Long Covid: what we know about the persistence of symptoms after two years

Long Covid what we know about the persistence of symptoms

How many are still coughing, lost in thought or still have not regained their sense of taste and smell, two years after being infected with Sars-Cov-2? More and more studies show that long-term Covid-19 disease persists in many people for up to 24 months after a first infection, or even longer. A phenomenon still very poorly understood, while scientists have not yet found any cure or established explanations for the long Covid.

Indeed, few are those who quickly get rid of their long Covid, according to a French study published in International Journal of Infectious Diseases on May 12. As part of ComPaRe, a Paris Hospitals research project aimed at improving knowledge of chronic disease, scientists led by epidemiologist Viet-Thi Tran followed 2,197 patients diagnosed positive for Covid for more than two years. -19, or have strong reason to believe they have been infected.
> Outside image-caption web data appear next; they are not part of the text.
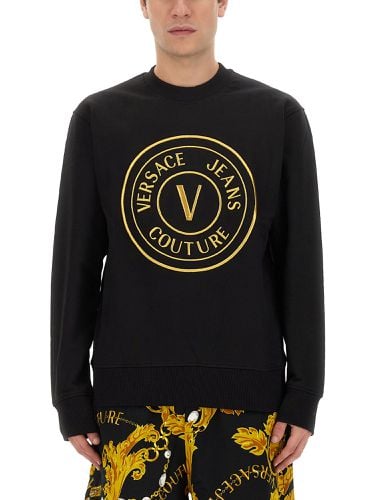 V-emblem Sweatshirt - Versace Jeans Couture - Modalova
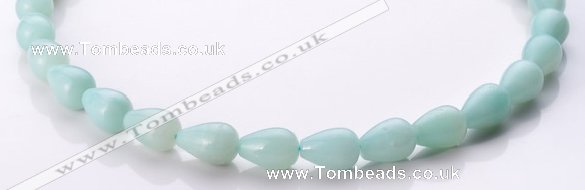 CAM68 teardrop natural amazonite 10*14mm beads Wholesale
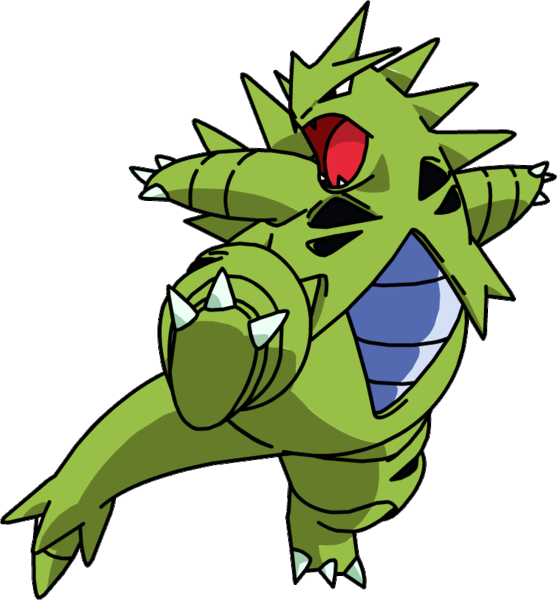 248 Tyranitar - Pokemon Tyranitar (557x600), Png Download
Result: only 4% of them saw their condition improve rapidly, until they achieved complete remission of symptoms within two years of their onset. Conversely, 5% of patients saw their condition almost unchanged during this period. The vast majority, i.e. 91% of the remaining patients, saw a very slow improvement in symptoms over time, with a reduction in the number of disorders observed, without necessarily going into remission. To arrive at these results, the patients had to answer questionnaires every 60 days during the duration of the study.

Another recent study, published in the Journal of Clinical Medicine also shows the large proportion of “very long Covid”, especially among those who have developed severe forms. The more limited population observed consisted of 121 patients who had been hospitalized in San Donato, in an Italian clinic, for an acute phase of the disease. 60% of them on average have had symptoms for at least 17 months. The most common ? Intense fatigue and breathing difficulties. Cognitive disorders, the famous “brain fog” which prevents some from concentrating, would have persisted in 30% of patients.

A difficult diagnosis

Difficult, however, to establish general laws on the long Covid. The studies are based on subjective assessments of the disease, and not objective measurements, which profoundly slows down research and prevents any extrapolation. “No one disputes the medical reality of the long Covid any longer, but today it remains a diagnosis of elimination. We have no positive diagnostic marker that would allow us to be 100% sure that someone is suffering from this syndrome, and not from another chronic disease”, explained to us in March Jérôme Larché, doctor “referent Covid long” at the ARS of Occitanie.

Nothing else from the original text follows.